I well remember going to see this at the Nottingham Odeon when it came out. My surprise at it being on the cinema’s main screen (number one out of five) was matched only by the curious face-to-face warning every customer got to receive at the box office, which went something along the lines of “You do realise this is NOT a film version of the Andrew Lloyd Webber musical, don’t you?” Whether this was a legal stipulation forced on the film-makers by Lloyd-Webber’s Really Useful Company, or whether it was just legendary producer Harry Alan Towers (he of everything from THE FACE OF FU MANCHU to numerous Jess Franco pictures fame) having a bit of fun I still don’t know, but I was reminded of it while watching 101 Films’ new Blu-ray release of the picture because a disclaimer to the same effect pops up during the end credits as well.
So was the movie as good as I remembered it? This Menahem Golan production (not often a good sign) certainly isn't bad, and toplines Robert Englund, then at the height of his career as the star of the NIGHTMARE ON ELM STREET films.
The movie kicks off with singer Christine Day (Jill Schoelen from Joseph Rubin’s THE STEPFATHER) looking for a new piece with which to audition for a modern-day New York show. She finds it in a dusty manuscript copy of ‘Don Juan Triumphant’ by composer Erik Destler. Before she can get more than a couple of notes out on stage she’s hit on the head by a sandbag and transported back to Victorian England, where Destler’s new work is about to be premiered at an opera house owned by Bill Nighy (yes him, looking remarkably young).
Destler is something of a shadowy figure, but that's because he's sold his soul to the devil disguised as a dwarf in return for a mutilated face and public appreciation of his music. As the Phantom, Destler coaches Christine for the lead role, and ensures that on opening night diva La Carlotta (Stephanie Lawrence) finds the stagehand he's flayed alive and stuffed into her wardrobe. The shock causes her to lose her voice and Christine to get the lead role.
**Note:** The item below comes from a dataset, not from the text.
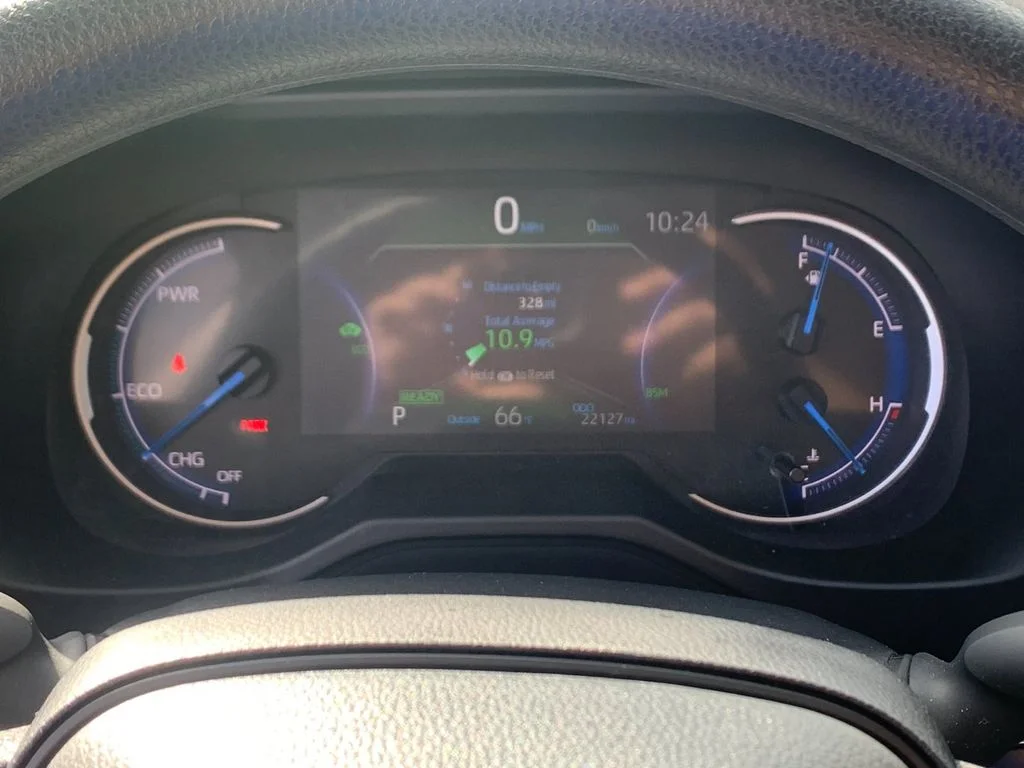 Used 2025 White Toyota XLE image 29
Of course there are various factions who don’t want Christine to succeed, including Mr Nighy, and the stage is set for some Phantom-style revenge, a fiery climax, and a neat little epilogue set back in the present day that gives us a new spin on the classic unmasking scene in a suitably gory 1980s way. Don’t expect a chandelier to fall into the audience, though, because apparently they didn’t have enough money for that.
Prior to PHANTOM OF THE OPERA, director Dwight H Little had just come off HALLOWEEN 4, and he does a pretty good job with this remake. In fact, if Hammer Films had kept going into the 1990s one imagines this is exactly the kind of thing they would have produced. Much is made of Englund’s destroyed face and his need for frequent skin grafts, and there are a couple of one-liners for fans expecting Freddy Krueger in a cloak which, to some extent is what you get. It’s all a lot of gory, gothic fun and I'll admit I enjoyed it at least as much as I did on its initial release all those years ago.
101 Films’ Blu-ray preserves PHANTOM OF THE OPERA’s original aspect ratio of 1.85:1, despite the back of the box telling you otherwise, so don’t worry. The transfer is a bit grainy but overall looks fine. There aren’t any extras but this is a perfectly acceptable presentation of a film from the tail end of one of the classic eras of horror cinema.
The Robert Englund version of PHANTOM OF THE OPERA is out from 101 Films on Blu-ray from 17th April 2014. A DVD version is also available.